Phillip Hallam-Baker <[email protected]> writes:

>> > Google is currently working on HTTP over UDP to shave a second of page
>> load
>> > times. This group is working is proposing to move the most latency
>> critical
>> > interaction from UDP to TLS.
>>
>> Some people here pointed out that the initial goal is for stub
>> resolving, which is not latency critical.  I believe this point can be
>> made more clear in the documents and in the discussion.  One easily gets
>> the idea that this is about Internet-wide DNS.  Confusing these two
>> use-cases is bad.
>>
>
> Stub resolving is totally latency critical. Go talk to some folk who work
> on browsers.

I should have qualified it: "connection setup latency of stub-resolving
is not critical".  That is at least how I understand other posts on this
list.

Browsers already have a built-in stub-resolver as far as I am aware, and
appear to be likely to continue to have them.

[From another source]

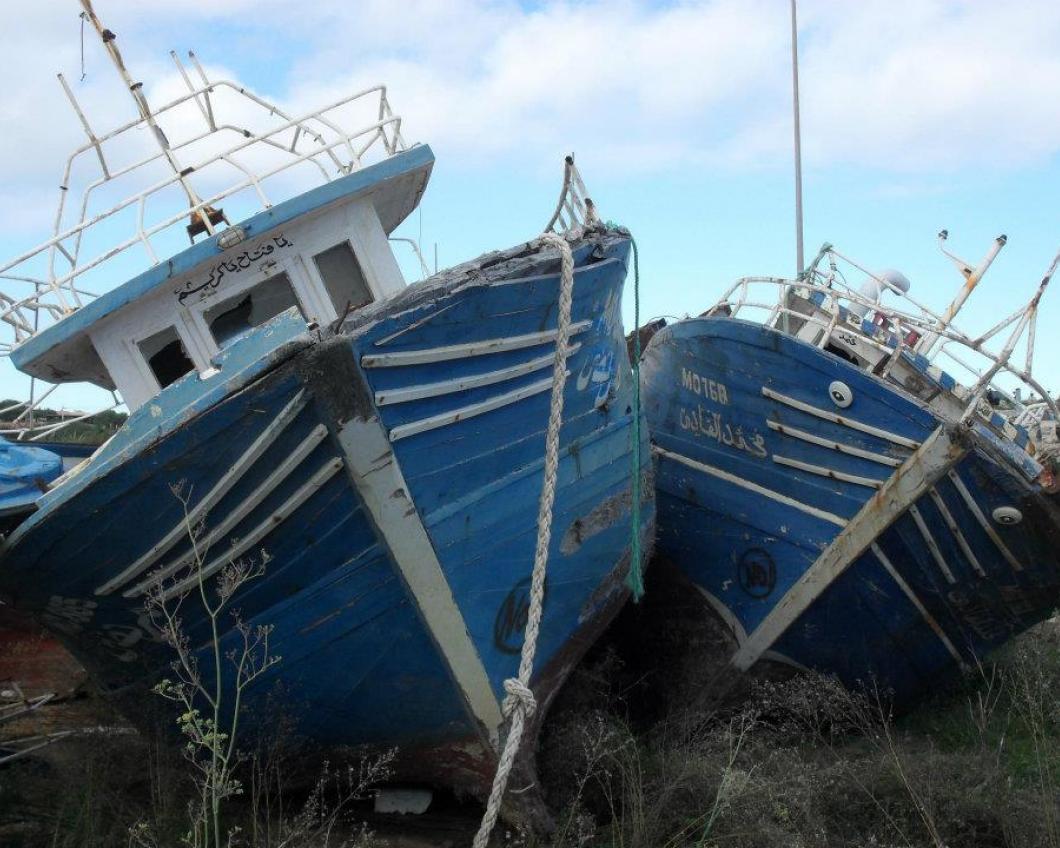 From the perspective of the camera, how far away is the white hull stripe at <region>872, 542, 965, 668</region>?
6.63 m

The latency for one query will be the same with DNS-over-TLS -- 1RTT.

To be fair, my experience is mixed, depending on application, the setup
cost could be an issue -- consider for example a normal Unix application
that does getaddrinfo().  In normal settings, that will cause libc to
open a UDP or TCP connection depending on what's in /etc/resolv.conf.
If that would involve doing a TLS handshake and pulling in a TLS stack,
that has its own share of issues including latency.  However I believe
this model is old-fashioned.  It would be better for /etc/resolv.conf to
always point at 127.0.0.1 or ::1 and have a local daemon running for
name resolution, and that daemon have a long-lived connection to its
local stub resolver.  There is the occational bootstrap issue during
boot, but I don't believe that warrants a complicated in-process stub
resolver.  The DNS stub resolver code in most libc's is crap anyway.